Obviously, the investigators had had recourse to that well-known legal resource, American action films. Those attending could have been waiting for Steven Seagal or Bruce Willis to walk in.
When Senior Counsel leads, and former Ministers are accused, the level of testosterone in the room will always be elevated. One of the lawyers in the ICAC, Mr Peter Braham, SC, scored a coup de média one morning, outside the ICAC hearings supposedly investigating me, by asking Mr John Maitland about a telephone conversation. Mr Maitland denied some elements of the alleged conversation ... unaware that ICAC investigators had tapped his (Mr Maitland’s) telephone and knew that Mr Maitland’s response was in contradistinction to some of the content of a particular phone call.

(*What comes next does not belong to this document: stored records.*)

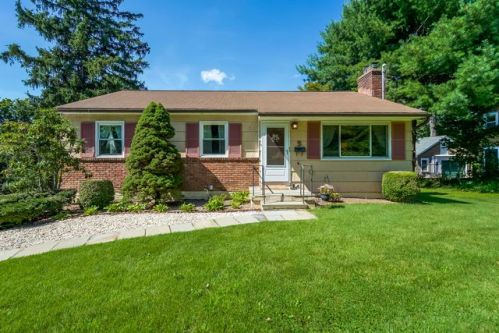 5 Waverly Pl, Valhalla, NY 10595-1705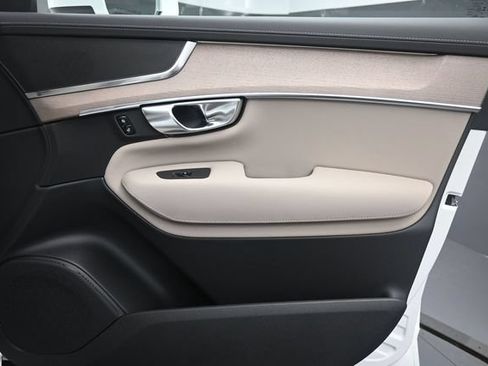 New 2026 Volvo XC90 T8 Plus w/ Protection Package Premier AWD/4WD image 31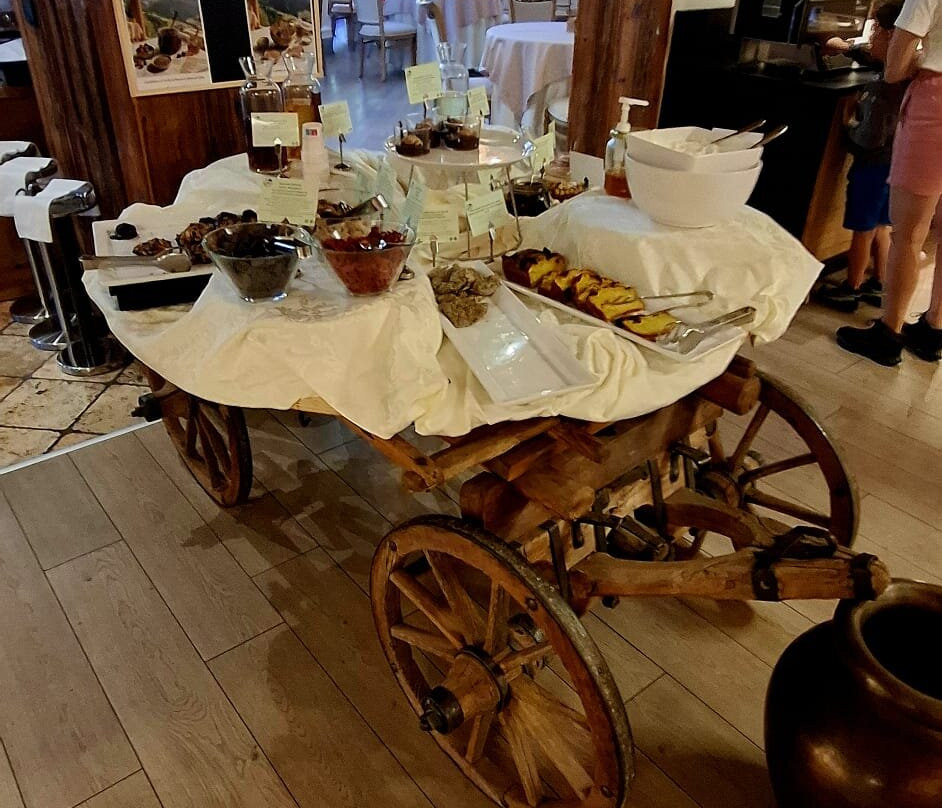 山丹冉杰酒店主图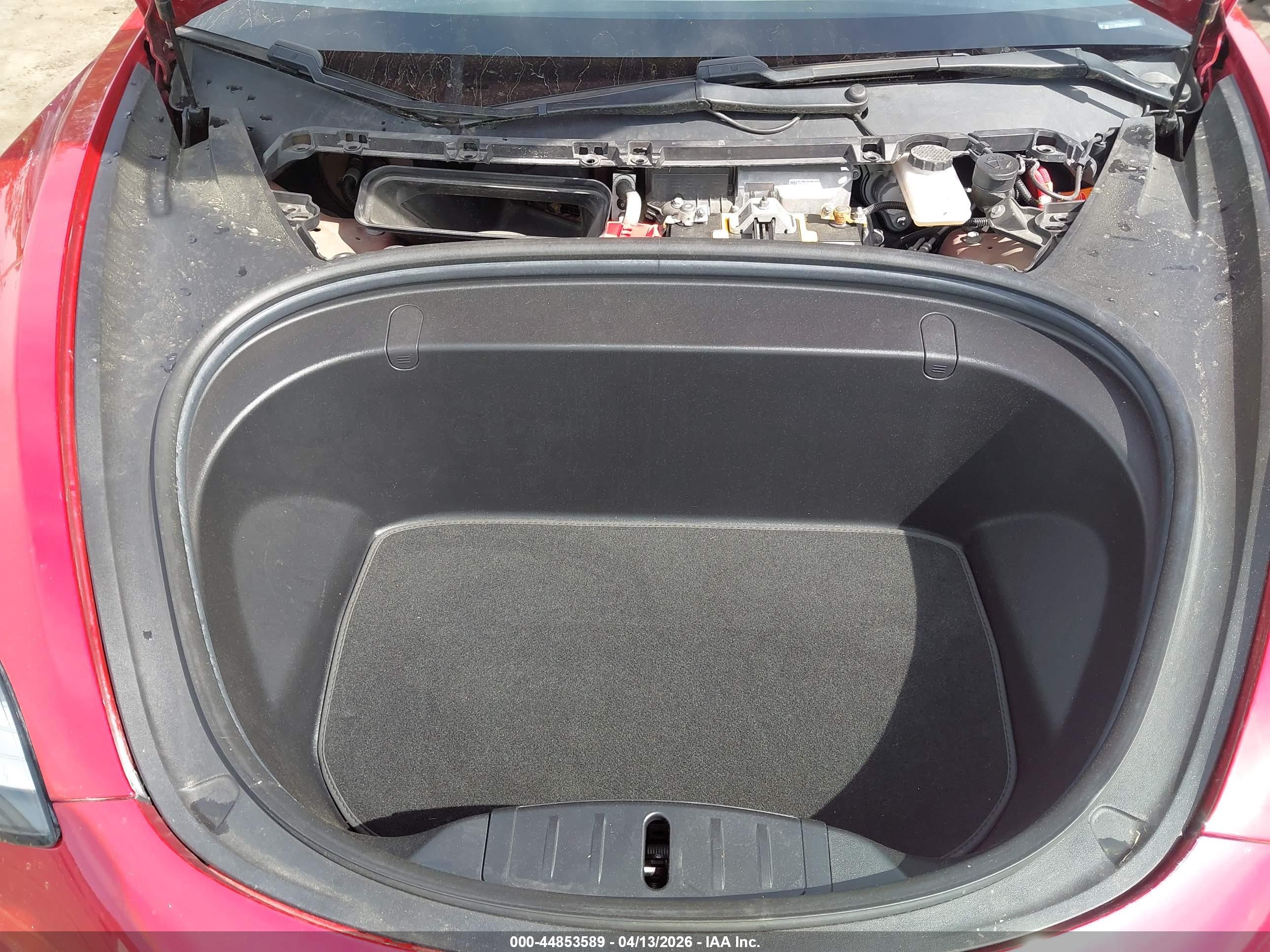 TESLA MODEL image 10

Whether the contents of the phone call were true or not, Braham, SC did not appear to test.
He did, however, denounce Mr Maitland as a liar.
Only minutes later, Mr Maitland repeated the apparent error by once again responding in a manner that appeared to contradict the content of a phone call, content which nobody knows even yet.

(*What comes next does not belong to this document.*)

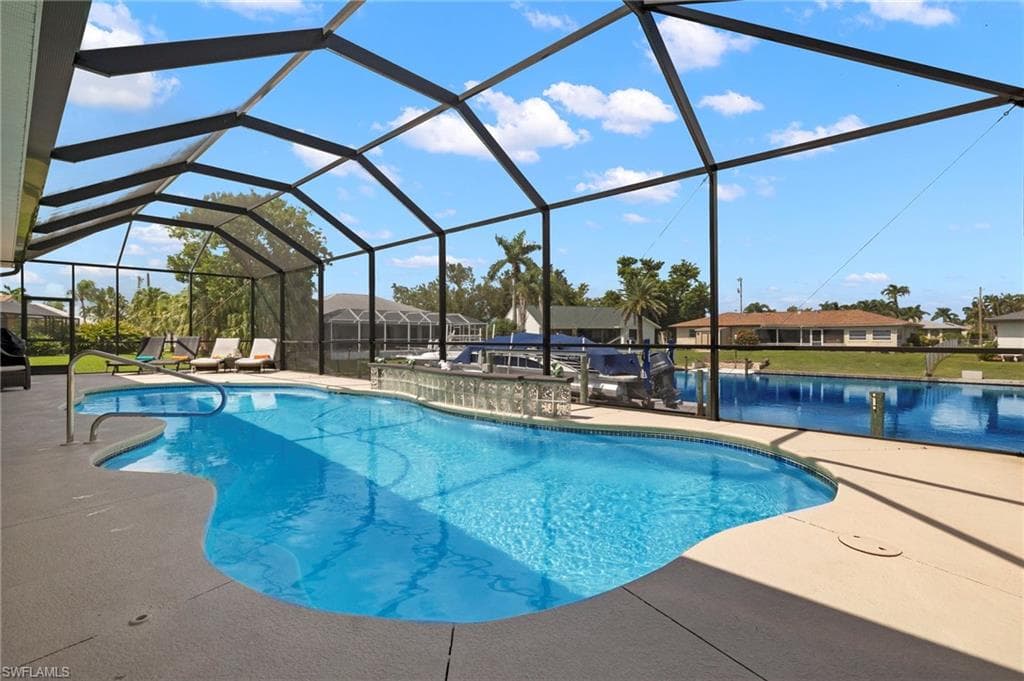 1811 SE 37th TER CAPE CORAL, FL 33904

Braham, SC, repeated the assertion that Mr Maitland was a liar.
Two points – at least – are significant:
One: Mr Braham did not warn Mr Maitland that his phone calls were tapped. Certainly, the ICAC had the power to tap Mr Maitland’s phone; but Braham, SC, did not tell Mr Maitland what he (Braham) knew about the intercepts. Braham had to apply to the Commonwealth Government for permission to tap the phone, under s.51 (v) of the Constitution (Postal, telegraphic, telephonic, and other like services) I assume that Mr Braham kept a record of the “tapped” conversation and, I further assume, had such contents transcribed.
Could the ICAC not reveal the content of the tapped conversation? There seems remarkably little point to applying to the Commonwealth for permission to not listen to the conversation; nor to tell any party in the ICAC whether the contents of the phone conversation were true...if such a conversation exists at all.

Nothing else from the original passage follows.